How much width do those wings add, doesn't look like much? I like the stainless skins!


----------



## Mackman (Nov 3, 2009)

So whats the story??


----------



## 1olddogtwo (Aug 6, 2007)

Four Years ago I bought a brand new Wideout (first season out) and love it the moment I used it. Ran it the season, it was a heavy snow year. I remember thinking that's odd that the rubber wings are lifting forward off the cutting edge. The crazy thoughts was the tips are drying in my heated shop and the would laid against the mold board when pushing snow. (where I dropped/kept it was out of sight for easy viewing). The season end and I left for a out of town job. My crew put on a pallet and stored on a rack for the off season.

I should have pay more attn to it, in 25 years of plowing, I never really had a major cutting edge damage. never thought twice about.

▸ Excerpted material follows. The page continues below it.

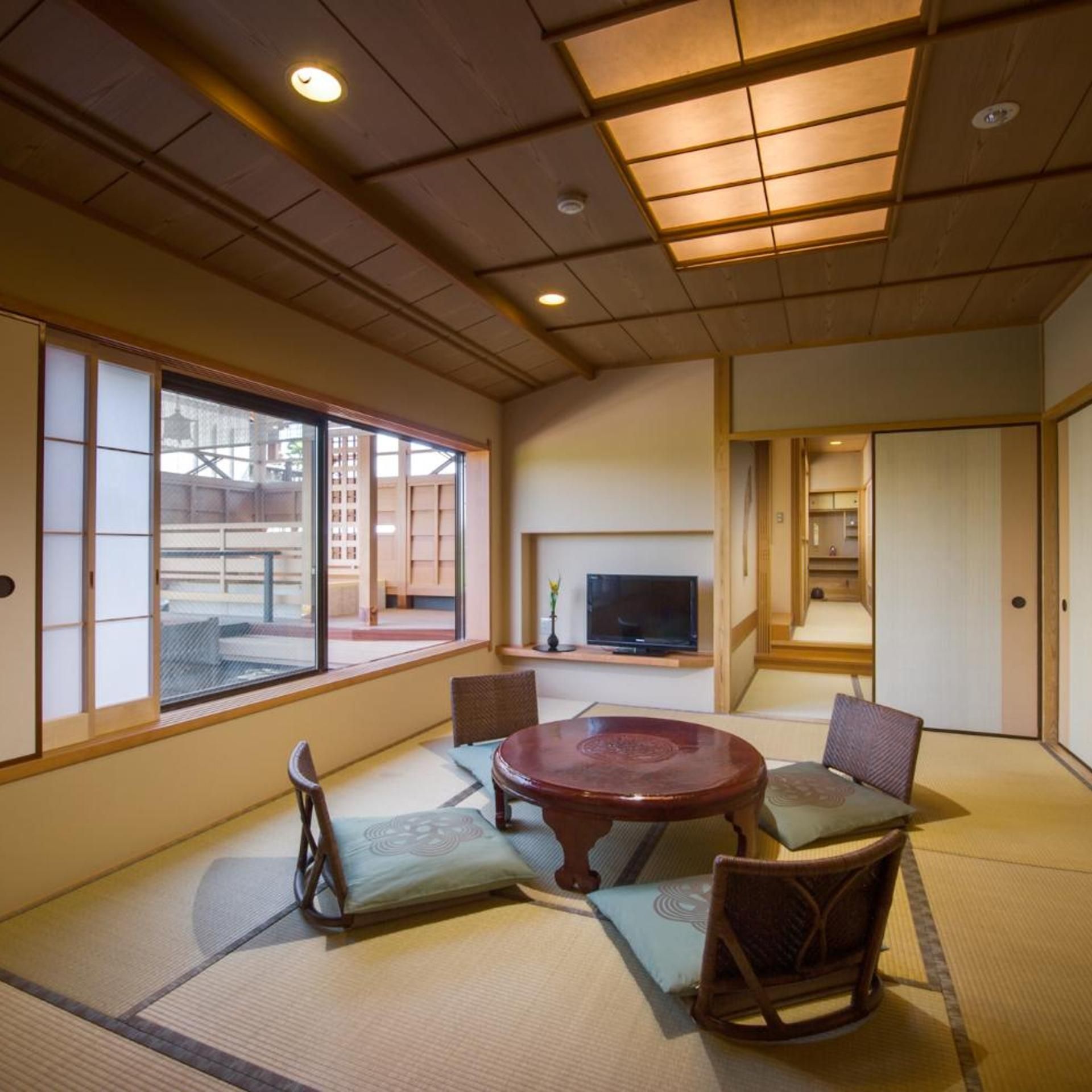 A traditional Japanese-style room with tatami flooring, a low wooden table, and shoji screens.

The following season, while lowering it down to do a PM on it, I noticed all the gusset's were bend bad and that's why the rubber was looking forward when really the cutting was bending backwords thru out the season.

View attachment 117771


I took the plow to CPW, a few days later I had to call them. Their responds was Western said it was abuse on I hit things.....its a plow, right? I

I took the plow over to the company I sub for, Arctic Snow and Ice. They repaired the base angle and I replaced the wing tips and cutting edge. here's a pic of the repair, new cutting edge just prior to replacing the wing tip









here's a shot with all the gussets cut out and new support installed with the new tips and edge.









season two

The plow perform like it should, it moved mega amounts of snow (heavy snow year again). I noticed the cutting edge rocking back/off the base angle again. This time it was the bolt holes were egging out. The plow washers and nuts were being pulled thru the angle and the slide box was cracking in the corners. At the end of the 2nd season, it was strip down and beefed up and rewelded. I added a 3/8's right angle and 1/2 block of steel to

















Season three it was perfect.

Beginning of season four, (last Oct) I sold to Sully here on plow site and hes still running it today. I order a new wideout for last snowless season. I started to have the same problems after 25 hrs. Pics are on home computer. I'm in NY

I emailed John Murphy and he put me in touch with Western. I came to find out that CPW never made contact on my first WO. At first they told me to take in to a dealer and once they seen the problem, I offer to take up to the plant. They offered to replace it at the end of the season and some other possible ideas.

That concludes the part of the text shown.